# My friend didnt get referral bonus but i did?



## Aharm (Aug 14, 2015)

I referred my friend for 700 bonus. He finished last thursday, i got my bonus right away but he has yet to get his. And under the invites section of the app it shows him completed but with a 0 dollar reward...

Anyone know wtf is going on?


----------



## tohunt4me (Nov 23, 2015)

Uber is breaking him in.


----------



## tohunt4me (Nov 23, 2015)

Uber : Taste the Disappointment.


----------



## crazy916 (Jul 6, 2016)

It was the tricky new wording of the bonus for new driver. This is no longer a sign up bonus, but a guaranteed earning for new drivers. The new one says you are guaranteed to earn x amount after you first y trips. In my area it is $700 for 100 trips. After your first 100 trips they take your net earnings and subtract it from the guaranteed amount and pay out the difference.
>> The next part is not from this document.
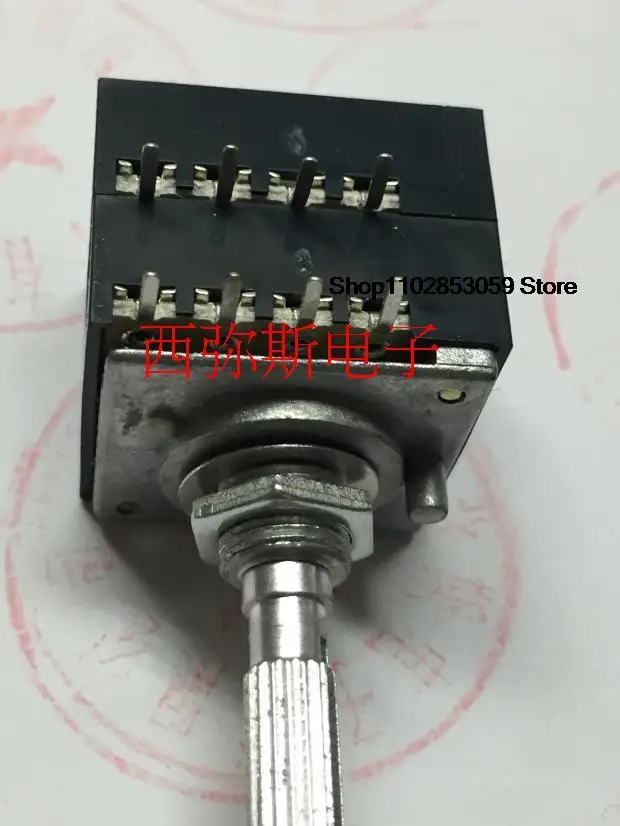 1PCS  Fever grade blue plastic case RH2702 A50K A100K A250K 25MM potentiometer with tap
Your friend most likely earned more the guaranteed amount. He will get nothing more.


----------



## Xmikem1967x (Sep 13, 2016)

I am a new driver and this happened to me I was supposed to get a hundred bucks after my first 50 rides they took my net earnings and ended up giving me 43 but because of the wording of the email I *****ed and complained and complained and *****ed I probably sent them 20 emails back and forth I end up getting my other $57 you have to fight them you have to not give up eventually it will take care of you


----------



## Fireguy50 (Nov 23, 2015)

No bonus, I'm shocked, SHOCKED!


----------



## firent (Aug 29, 2016)

Aharm said:


> I referred my friend for 700 bonus. He finished last thursday, i got my bonus right away but he has yet to get his. And under the invites section of the app it shows him completed but with a 0 dollar reward...
> 
> Anyone know wtf is going on?


LOL


----------



## ChortlingCrison (Mar 30, 2016)

Aharm said:


> I referred my friend for 700 bonus. He finished last thursday, i got my bonus right away but he has yet to get his. And under the invites section of the app it shows him completed but with a 0 dollar reward...
> 
> Anyone know wtf is going on?


It's ubers way of giving him the "red" carpet treatment.


----------



## ShinyAxle (Aug 27, 2016)

Why are you (comments) people so sullied? Why do you bag on Uber, and continue to drive for them?


----------



## Xmikem1967x (Sep 13, 2016)

Actually I really wasn't bagging on uber but I was saying how I'm not going to put up with anybody saying one thing and then doing another especially when it comes to the money that I'm trying to make for my family if you make a commitment you should follow through if you don't follow through you're going to hear from it from me until you give me what you promised me. If it would have been communicated that it wasn't a guaranteed bonus that it was actually a guaranteed Revenue subtracted from what you really made then I wouldn't have missed it all because I would have known what I was getting myself into.


----------



## Xmikem1967x (Sep 13, 2016)

I can only speak for myself but if you are truthful and upfront with me you will get much more respect and understanding from me , rather than BS me and say one thing but do another.


----------



## crazy916 (Jul 6, 2016)

The money isn't too bad and there is nothing wrong with holding someone to their word. Especially when it come to money that you are owed. I have had to fight several times to get paid incentives by uber. If you don't back dowb eventually they will pay.


----------